Rien de tout cela. Ce qui pose problème c’est que le CFA ne s’est pas
arrimé à la mondialisation. Il continue d’être géré dans le cadre d’une
relation privilégiée, dans un contexte où les choses varient très
rapidement et que la libre concurrence domine. Toutes les études que
j’ai publiées sur la question depuis 1994, demandent de libérer le Franc
CFA à l’époque du Franc français, et aujourd’hui de l’euro. C’est là le
gros problème du Franc CFA, son inféodation à une entité économique
elle-même reliée à un ensemble plus vaste encore, alors que la zone
franc est plongé dans les échanges mondiaux. Nous avons besoin d’un FCFA
qui se négocie librement et dont le taux de change varie en fonction de
nos économies propres. Lorsqu’en France on baisse les taux directeurs,
les comités de politique monétaire ici au Cameroun font de même. Dans un
contexte où nous échangeons en dollar principalement, ce n’est pas
toujours un avantage.
Nous avons besoin d’avoir nos propres mécanismes internes. Je précise que je ne demande pas de sortir du CFA, qui est une monnaie qui fait ses preuves. Je demande de sortir de la relation privilégiée avec l’Euro via la France. Lorsque vous allez au Ghana et au Kenya qui sont des expériences proches des nôtres, ces pays ont leurs propres marchés monétaires. La monnaie est flexible et les taux varient en fonction du dynamisme de leurs économies. Chez nous, rien de cela n’existe. On ignore les fluctuations des taux d’intérêts, pour les entreprises, les particuliers, l’Etat. le résultat est une disproportion dans la situation du marché monétaire. Les banques prêtent à 2,5% aux Etats, 17% aux entreprises fiables et le reste à près de 36%. C’est ahurissant et cela ne s’explique pas. Nous avons besoins d’avoir des mécanismes autonomes du marché monétaire.

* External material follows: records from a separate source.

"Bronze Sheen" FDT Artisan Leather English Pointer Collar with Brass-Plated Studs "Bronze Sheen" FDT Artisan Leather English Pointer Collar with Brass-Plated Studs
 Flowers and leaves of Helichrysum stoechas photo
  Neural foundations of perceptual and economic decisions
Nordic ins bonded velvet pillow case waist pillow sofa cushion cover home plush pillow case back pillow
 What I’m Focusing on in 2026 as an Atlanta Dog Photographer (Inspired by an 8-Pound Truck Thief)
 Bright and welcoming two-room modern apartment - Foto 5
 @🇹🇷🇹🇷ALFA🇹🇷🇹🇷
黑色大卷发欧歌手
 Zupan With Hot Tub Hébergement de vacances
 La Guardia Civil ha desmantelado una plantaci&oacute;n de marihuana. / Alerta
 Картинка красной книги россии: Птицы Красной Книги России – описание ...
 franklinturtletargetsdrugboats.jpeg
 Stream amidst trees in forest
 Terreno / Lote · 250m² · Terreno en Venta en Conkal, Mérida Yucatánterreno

Si vous deviez conseiller les gouvernements que diriez-vous ?
Il ne me revient pas de conseiller les gouvernements. Pour l’essentiel,
je vais me résumer. Rien ne nous impose de rester scotchés aux
indicateurs européens, pour définir le taux de change dans la zone
Franc, c’est un impératif, parce que nous sommes dans la mondialisation.
Les Chinois sont entrés dans la danse, les Brésiliens aussi et les
autres partenaires comme le Maroc, et autres. Ensuite, le marché
monétaire doit devenir effectivement libéralisé. Pour l’heure, les
agrégats monétaires sont encore trop dépendant de la situation en Europe
et ce n’est pas toujours un avantage. De même, nos marchés de capitaux
sont fragmentés et les clivages sont énormes sur le marché de la monnaie
et de l’épargne. Il faudrait qu’un jour, on arrive à des taux moyens de
l’ordre de 5%. A ce moment-là, l’argent ira vraiment vers les secteurs
productifs de l’économie. On ne peut pas et ne doit pas se trouver avec
des schémas, ou une PME emprunte à un taux 10 fois supérieur à celui de
l’Etat. Le marché monétaire doit donc être uniformisé.
Est-ce qu’il n’y a pas finalement un
risque si on sort de la zone franc de perdre l’avantage du compte
d’opération? La France apporte quand même une garantie et tient les pays
de la zone franc avec ce mécanisme.
Le compte des opérations ce n’est pas une chose exceptionnelle.
Moi par exemple, j’ai un compte d’opération qui me permet de gérer les
opérations que je mène en devise. Lorsque vous avez une banque ici, elle
a des comptes d’opérations en fonction des zones monétaires. Ce compte
est un compte de correspondant. Tous ceux qui interviennent dans des
places financières diversifiées en ont besoin. A plus forte raison les
Etats. Donc le problème n’est pas le compte d’opération. J'entends
souvent à la télévision des gens dire que la France à notre argent et
nous tient par-là. Il n’en n'est rien. Nous pouvons décider de changer
de correspondant, rien ne nous l’interdit. A l’époque, lorsque Paris est
choisie, la France centralisait quand même les ¾ des flux financiers
des pays de la zone Franc. Les choses évoluent petit à petit et cela
tend à changer. Donc si nous supprimons notre compte à paris, nous
l’ouvrirons ailleurs et à des conditions pas totalement différente. La
Chine par exemple, vous imaginez que personne ne peut rien lui imposer,
mais elle a un compte d’opération aux Etats Unis avec 2500 milliards de
dollars, c’est la logique des marchés internationaux.